Chocolate Chip Cookies **gluten free**
I’m baaaaaaack! Wow, it’s been a hot minute since I last posted a recipe. Thank you Steph for holding down the fort and keeping LDB alive. Seriously, you are the best!
As some of you know, I stepped back from LDB to open up a milkshake & coffee shop in Sacramento. It was dream years in the making– that we actually talked about at Steph’s rehearsal dinner! Here’s a pic of Steph and I from the grand opening weekend. (She and couple of my sorority sisters flew out to support! It was amazing and I am so incredibly thankful for all of them!)
I’ll do another post dedicated to the shop and a little recap of that incredible journey but for now, let’s get back to the matter at hand: #Choctoberfest. When Steph asked if was ready to do a recipe for #choctoberfest, I said yes! But, I really had no idea what to make…
You see, I’m another “health kick/revamp my diet” month. My options for dessert feel very limited since I completely cut out gluten and cut back on dairy and sugar. (Yes, it is a self-imposed diet restriction but desperately need. And, I’m feeling great so I’m keeping it going!)
That being said, it’s been hard to find a gluten free, low sugar recipe for dessert. If you have any go-tos, send them my way! I tried making gluten free, no sugar pumpkin muffins. That was a disaster! Partly because I wasn’t paying attention and accidentally grabbed the almond extract instead of the vanilla. I know, and I call myself a baker!

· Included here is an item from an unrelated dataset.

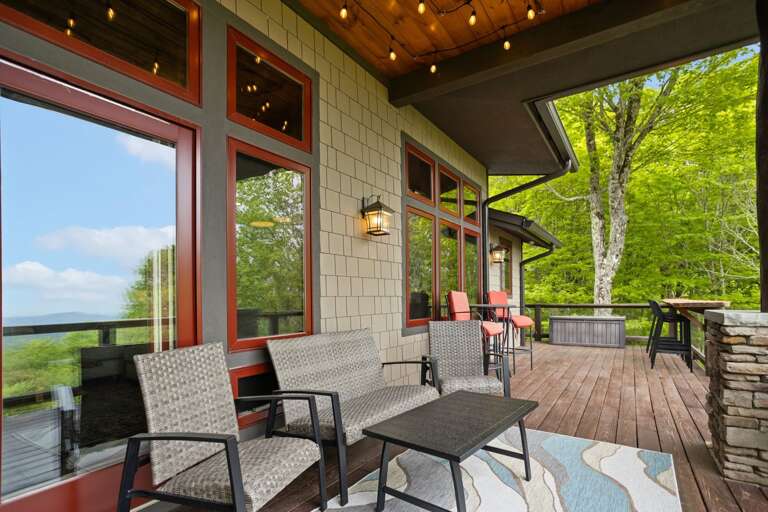 Lounge Furniture on Main Level Rear Deck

My mom even attempted to make gluten free banana chocolate muffins…. see photo below for how those turned out! We’ve been laughing about it all week!
When I was thinking of other recipes to make, I thought back to my very first post on here: Chocolate Chip Cookies: The Classic. I decided to make a gluten free version! Seven years later and I guess I’m still on my quest for the perfect chocolate chip cookie, with a slight variation.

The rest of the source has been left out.